▸ **PROBLEM TO SOLVE**:
I need the lines below from the one with "Apartamento Apartament Naty" down to the one with "Leather Fashion Show 2013 photo 22" reproduced exactly, both ends included, and nothing else.

▸ **AVAILABLE DATA**:
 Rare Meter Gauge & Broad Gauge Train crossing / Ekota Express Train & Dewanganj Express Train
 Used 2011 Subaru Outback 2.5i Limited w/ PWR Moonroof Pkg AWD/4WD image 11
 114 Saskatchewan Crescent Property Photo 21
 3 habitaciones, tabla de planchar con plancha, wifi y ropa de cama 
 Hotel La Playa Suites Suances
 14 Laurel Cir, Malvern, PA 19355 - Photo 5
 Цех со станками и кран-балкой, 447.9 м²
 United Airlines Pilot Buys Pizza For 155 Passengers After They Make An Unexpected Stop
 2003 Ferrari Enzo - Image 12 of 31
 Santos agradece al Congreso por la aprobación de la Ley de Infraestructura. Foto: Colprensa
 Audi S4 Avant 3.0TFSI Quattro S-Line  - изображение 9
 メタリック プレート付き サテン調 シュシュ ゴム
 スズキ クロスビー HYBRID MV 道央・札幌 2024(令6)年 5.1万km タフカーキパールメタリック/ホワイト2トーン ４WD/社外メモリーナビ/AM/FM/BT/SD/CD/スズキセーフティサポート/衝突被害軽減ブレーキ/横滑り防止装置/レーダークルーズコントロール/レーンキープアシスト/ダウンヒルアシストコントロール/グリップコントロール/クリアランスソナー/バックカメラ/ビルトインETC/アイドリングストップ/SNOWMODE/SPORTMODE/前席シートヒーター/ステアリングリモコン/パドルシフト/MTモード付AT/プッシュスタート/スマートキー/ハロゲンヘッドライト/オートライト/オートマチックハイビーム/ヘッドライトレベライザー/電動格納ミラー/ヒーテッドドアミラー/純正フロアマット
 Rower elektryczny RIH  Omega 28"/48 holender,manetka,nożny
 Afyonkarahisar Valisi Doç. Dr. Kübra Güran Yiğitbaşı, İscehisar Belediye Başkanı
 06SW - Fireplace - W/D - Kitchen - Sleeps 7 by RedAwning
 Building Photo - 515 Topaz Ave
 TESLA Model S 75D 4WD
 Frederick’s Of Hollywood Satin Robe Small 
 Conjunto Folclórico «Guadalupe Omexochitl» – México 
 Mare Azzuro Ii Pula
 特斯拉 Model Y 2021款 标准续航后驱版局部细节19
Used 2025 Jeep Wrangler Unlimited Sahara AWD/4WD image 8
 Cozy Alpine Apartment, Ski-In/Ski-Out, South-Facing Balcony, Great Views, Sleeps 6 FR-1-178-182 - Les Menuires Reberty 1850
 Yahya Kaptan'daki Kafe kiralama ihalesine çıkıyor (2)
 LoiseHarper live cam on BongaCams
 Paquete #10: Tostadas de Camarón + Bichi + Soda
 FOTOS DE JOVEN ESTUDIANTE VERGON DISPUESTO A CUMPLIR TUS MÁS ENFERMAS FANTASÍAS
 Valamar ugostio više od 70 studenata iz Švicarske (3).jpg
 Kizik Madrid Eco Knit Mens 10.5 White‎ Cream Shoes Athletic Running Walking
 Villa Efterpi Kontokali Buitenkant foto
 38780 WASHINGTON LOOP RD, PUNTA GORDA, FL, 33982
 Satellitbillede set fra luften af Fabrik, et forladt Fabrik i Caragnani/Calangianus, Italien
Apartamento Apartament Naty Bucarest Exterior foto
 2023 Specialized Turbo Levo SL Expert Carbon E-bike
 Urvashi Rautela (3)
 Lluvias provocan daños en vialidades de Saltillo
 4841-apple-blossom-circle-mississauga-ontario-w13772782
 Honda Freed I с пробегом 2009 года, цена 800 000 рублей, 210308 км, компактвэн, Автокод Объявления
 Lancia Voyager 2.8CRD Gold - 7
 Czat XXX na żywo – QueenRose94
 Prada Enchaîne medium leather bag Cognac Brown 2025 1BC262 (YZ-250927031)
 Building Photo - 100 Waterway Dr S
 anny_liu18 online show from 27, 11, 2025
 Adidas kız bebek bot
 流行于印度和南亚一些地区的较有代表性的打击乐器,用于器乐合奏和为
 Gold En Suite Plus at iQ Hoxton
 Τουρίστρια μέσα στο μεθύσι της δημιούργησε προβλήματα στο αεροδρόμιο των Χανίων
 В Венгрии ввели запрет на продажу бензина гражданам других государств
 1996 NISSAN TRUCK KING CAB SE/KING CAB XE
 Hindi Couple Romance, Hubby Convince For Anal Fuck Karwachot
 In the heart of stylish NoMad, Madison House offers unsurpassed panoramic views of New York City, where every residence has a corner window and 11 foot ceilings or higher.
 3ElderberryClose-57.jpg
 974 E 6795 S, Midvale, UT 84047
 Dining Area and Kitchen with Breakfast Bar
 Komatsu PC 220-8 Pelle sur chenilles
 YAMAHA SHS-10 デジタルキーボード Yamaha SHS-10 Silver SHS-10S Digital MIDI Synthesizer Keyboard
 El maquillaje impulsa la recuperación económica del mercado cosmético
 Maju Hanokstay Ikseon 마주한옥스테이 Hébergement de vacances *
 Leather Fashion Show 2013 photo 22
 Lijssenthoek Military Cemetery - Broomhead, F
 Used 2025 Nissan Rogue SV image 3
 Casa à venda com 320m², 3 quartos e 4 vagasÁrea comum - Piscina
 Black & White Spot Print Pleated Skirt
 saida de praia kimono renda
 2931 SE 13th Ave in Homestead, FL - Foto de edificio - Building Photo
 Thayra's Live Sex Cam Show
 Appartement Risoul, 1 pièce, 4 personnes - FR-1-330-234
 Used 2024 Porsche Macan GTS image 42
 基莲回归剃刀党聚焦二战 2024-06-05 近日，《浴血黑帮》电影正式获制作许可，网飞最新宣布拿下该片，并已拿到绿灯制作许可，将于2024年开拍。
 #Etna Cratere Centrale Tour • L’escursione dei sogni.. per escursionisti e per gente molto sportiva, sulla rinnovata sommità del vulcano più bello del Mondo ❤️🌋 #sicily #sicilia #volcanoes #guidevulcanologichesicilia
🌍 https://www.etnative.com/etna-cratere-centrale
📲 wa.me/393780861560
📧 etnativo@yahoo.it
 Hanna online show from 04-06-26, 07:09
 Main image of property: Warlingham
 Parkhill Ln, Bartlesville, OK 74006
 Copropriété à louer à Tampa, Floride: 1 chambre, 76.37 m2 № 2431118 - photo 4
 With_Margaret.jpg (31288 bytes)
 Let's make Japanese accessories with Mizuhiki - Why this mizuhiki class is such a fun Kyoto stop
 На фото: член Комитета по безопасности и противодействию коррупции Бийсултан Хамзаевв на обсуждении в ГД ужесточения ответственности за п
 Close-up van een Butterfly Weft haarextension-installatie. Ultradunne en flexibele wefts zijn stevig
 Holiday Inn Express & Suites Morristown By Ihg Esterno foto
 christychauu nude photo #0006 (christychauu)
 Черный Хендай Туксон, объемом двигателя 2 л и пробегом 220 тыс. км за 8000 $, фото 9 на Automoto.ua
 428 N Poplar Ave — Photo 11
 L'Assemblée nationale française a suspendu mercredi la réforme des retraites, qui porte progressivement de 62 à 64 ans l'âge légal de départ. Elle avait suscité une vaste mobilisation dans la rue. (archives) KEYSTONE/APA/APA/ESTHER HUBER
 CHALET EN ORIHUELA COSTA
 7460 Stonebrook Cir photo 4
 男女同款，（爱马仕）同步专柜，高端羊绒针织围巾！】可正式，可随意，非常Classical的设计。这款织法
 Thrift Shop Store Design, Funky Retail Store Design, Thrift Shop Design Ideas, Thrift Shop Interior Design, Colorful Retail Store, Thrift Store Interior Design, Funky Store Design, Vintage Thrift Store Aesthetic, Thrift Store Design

▸ **ANSWER BOX**:
Apartamento Apartament Naty Bucarest Exterior foto
 2023 Specialized Turbo Levo SL Expert Carbon E-bike
 Urvashi Rautela (3)
 Lluvias provocan daños en vialidades de Saltillo
 4841-apple-blossom-circle-mississauga-ontario-w13772782
 Honda Freed I с пробегом 2009 года, цена 800 000 рублей, 210308 км, компактвэн, Автокод Объявления
 Lancia Voyager 2.8CRD Gold - 7
 Czat XXX na żywo – QueenRose94
 Prada Enchaîne medium leather bag Cognac Brown 2025 1BC262 (YZ-250927031)
 Building Photo - 100 Waterway Dr S
 anny_liu18 online show from 27, 11, 2025
 Adidas kız bebek bot
 流行于印度和南亚一些地区的较有代表性的打击乐器,用于器乐合奏和为
 Gold En Suite Plus at iQ Hoxton
 Τουρίστρια μέσα στο μεθύσι της δημιούργησε προβλήματα στο αεροδρόμιο των Χανίων
 В Венгрии ввели запрет на продажу бензина гражданам других государств
 1996 NISSAN TRUCK KING CAB SE/KING CAB XE
 Hindi Couple Romance, Hubby Convince For Anal Fuck Karwachot
 In the heart of stylish NoMad, Madison House offers unsurpassed panoramic views of New York City, where every residence has a corner window and 11 foot ceilings or higher.
 3ElderberryClose-57.jpg
 974 E 6795 S, Midvale, UT 84047
 Dining Area and Kitchen with Breakfast Bar
 Komatsu PC 220-8 Pelle sur chenilles
 YAMAHA SHS-10 デジタルキーボード Yamaha SHS-10 Silver SHS-10S Digital MIDI Synthesizer Keyboard
 El maquillaje impulsa la recuperación económica del mercado cosmético
 Maju Hanokstay Ikseon 마주한옥스테이 Hébergement de vacances *
 Leather Fashion Show 2013 photo 22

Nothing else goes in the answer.